**ASSIGNMENT**
Every line from the first one in the listing down to the line with "Kathrein multischalter exr" should be restated word for word.
= Beginning of Section =
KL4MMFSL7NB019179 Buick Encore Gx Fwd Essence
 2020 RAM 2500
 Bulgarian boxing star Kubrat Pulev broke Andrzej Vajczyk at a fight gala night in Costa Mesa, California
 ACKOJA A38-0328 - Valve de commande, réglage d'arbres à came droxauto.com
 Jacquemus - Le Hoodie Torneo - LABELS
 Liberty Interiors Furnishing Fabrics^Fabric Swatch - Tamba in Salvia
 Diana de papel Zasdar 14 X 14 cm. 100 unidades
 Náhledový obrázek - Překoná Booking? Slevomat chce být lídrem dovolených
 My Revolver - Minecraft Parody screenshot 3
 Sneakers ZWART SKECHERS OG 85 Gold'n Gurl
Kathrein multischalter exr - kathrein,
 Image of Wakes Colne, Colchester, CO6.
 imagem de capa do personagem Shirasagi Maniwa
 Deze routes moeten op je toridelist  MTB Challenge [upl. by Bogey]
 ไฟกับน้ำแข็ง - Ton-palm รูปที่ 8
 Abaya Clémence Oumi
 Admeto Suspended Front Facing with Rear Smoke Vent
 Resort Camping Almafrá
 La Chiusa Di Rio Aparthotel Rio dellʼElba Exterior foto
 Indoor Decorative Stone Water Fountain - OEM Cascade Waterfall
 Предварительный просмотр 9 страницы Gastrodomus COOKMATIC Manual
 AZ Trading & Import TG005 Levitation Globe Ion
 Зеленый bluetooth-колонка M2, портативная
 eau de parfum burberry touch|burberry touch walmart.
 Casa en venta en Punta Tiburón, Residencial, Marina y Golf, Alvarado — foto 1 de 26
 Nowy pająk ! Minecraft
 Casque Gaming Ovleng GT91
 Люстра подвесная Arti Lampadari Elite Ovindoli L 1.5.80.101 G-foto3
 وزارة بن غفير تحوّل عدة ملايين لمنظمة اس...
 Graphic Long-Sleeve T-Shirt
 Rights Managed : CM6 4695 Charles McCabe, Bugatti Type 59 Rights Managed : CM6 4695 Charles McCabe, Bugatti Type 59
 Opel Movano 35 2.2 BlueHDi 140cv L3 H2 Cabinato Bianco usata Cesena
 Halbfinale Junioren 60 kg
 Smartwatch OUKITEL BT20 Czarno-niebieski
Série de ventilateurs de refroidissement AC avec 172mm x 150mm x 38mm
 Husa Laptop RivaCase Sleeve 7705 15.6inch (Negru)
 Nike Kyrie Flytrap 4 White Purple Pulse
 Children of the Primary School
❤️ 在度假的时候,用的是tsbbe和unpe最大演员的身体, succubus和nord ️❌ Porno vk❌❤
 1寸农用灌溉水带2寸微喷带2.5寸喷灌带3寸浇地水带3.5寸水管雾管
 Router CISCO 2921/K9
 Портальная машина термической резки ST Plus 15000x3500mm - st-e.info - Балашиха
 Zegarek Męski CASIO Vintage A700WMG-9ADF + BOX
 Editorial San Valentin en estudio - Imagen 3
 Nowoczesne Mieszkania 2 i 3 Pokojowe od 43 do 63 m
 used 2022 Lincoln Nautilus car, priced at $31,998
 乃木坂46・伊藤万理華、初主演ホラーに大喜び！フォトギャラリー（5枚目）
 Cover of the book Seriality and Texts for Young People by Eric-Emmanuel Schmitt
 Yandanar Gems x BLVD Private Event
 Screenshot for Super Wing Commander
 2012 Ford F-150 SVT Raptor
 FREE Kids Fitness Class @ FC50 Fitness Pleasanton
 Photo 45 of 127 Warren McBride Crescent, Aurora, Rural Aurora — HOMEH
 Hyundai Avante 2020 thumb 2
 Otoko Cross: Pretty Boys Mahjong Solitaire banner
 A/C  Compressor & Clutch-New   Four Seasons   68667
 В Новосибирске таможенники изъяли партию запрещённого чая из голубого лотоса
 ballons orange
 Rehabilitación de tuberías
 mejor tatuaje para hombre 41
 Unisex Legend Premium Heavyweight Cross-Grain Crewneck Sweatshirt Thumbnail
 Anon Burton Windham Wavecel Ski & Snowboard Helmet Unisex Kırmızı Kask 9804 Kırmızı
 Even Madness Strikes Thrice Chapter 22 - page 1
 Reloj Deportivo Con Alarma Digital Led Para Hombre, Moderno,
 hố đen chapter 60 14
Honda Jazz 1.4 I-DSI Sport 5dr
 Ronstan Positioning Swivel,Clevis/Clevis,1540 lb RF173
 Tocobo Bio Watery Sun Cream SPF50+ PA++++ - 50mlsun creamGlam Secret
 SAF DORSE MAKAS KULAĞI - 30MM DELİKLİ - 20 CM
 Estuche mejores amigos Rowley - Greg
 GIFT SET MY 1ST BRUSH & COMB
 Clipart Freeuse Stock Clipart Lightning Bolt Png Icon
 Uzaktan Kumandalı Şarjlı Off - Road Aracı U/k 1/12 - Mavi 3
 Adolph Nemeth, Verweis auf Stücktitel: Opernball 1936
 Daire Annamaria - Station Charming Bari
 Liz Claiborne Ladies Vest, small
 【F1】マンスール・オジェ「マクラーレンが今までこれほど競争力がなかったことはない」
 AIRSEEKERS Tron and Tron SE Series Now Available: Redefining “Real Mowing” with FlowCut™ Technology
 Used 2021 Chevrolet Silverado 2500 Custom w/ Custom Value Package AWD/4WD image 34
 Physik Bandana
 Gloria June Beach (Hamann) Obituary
= End of Section =
**SOLUTION FOR THIS TASK**
KL4MMFSL7NB019179 Buick Encore Gx Fwd Essence
 2020 RAM 2500
 Bulgarian boxing star Kubrat Pulev broke Andrzej Vajczyk at a fight gala night in Costa Mesa, California
 ACKOJA A38-0328 - Valve de commande, réglage d'arbres à came droxauto.com
 Jacquemus - Le Hoodie Torneo - LABELS
 Liberty Interiors Furnishing Fabrics^Fabric Swatch - Tamba in Salvia
 Diana de papel Zasdar 14 X 14 cm. 100 unidades
 Náhledový obrázek - Překoná Booking? Slevomat chce být lídrem dovolených
 My Revolver - Minecraft Parody screenshot 3
 Sneakers ZWART SKECHERS OG 85 Gold'n Gurl
Kathrein multischalter exr - kathrein,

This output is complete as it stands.